[[ Information given, beginning ]]

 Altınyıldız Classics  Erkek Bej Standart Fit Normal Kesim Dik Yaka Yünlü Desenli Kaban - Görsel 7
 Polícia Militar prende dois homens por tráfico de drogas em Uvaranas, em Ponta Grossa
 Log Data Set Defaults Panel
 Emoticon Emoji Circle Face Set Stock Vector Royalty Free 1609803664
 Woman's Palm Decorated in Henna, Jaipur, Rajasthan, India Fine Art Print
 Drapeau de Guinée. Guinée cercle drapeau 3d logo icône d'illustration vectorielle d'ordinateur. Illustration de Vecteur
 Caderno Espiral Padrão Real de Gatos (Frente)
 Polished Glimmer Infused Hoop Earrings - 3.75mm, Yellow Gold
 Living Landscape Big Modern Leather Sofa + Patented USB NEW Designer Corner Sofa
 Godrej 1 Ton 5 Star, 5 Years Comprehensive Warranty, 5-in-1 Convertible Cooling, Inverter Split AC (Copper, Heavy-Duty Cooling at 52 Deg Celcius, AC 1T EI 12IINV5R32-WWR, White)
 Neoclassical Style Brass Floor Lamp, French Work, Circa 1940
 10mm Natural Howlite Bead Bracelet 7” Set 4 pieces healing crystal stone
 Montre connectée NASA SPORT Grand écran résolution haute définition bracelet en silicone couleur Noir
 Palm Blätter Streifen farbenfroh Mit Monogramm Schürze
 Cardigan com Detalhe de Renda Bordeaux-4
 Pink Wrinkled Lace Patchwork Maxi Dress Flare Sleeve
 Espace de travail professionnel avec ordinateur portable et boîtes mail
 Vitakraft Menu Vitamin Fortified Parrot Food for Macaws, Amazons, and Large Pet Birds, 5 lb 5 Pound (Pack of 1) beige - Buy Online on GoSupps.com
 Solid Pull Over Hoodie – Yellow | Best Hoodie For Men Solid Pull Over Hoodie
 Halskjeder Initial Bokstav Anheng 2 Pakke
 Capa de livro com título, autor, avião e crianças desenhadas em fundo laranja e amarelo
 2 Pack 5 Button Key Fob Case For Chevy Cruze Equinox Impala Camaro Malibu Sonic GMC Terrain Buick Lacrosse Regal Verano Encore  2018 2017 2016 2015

[[ Information given, end ]]

> _How to complete this task_
What you give back must be the stretch above, starting at the line with "Cardigan com Detalhe de Renda Bordeaux-4" and ending at the line with "Vitakraft Menu Vitamin", copied exactly.

> _Written reply_
 Cardigan com Detalhe de Renda Bordeaux-4
 Pink Wrinkled Lace Patchwork Maxi Dress Flare Sleeve
 Espace de travail professionnel avec ordinateur portable et boîtes mail
 Vitakraft Menu Vitamin Fortified Parrot Food for Macaws, Amazons, and Large Pet Birds, 5 lb 5 Pound (Pack of 1) beige - Buy Online on GoSupps.com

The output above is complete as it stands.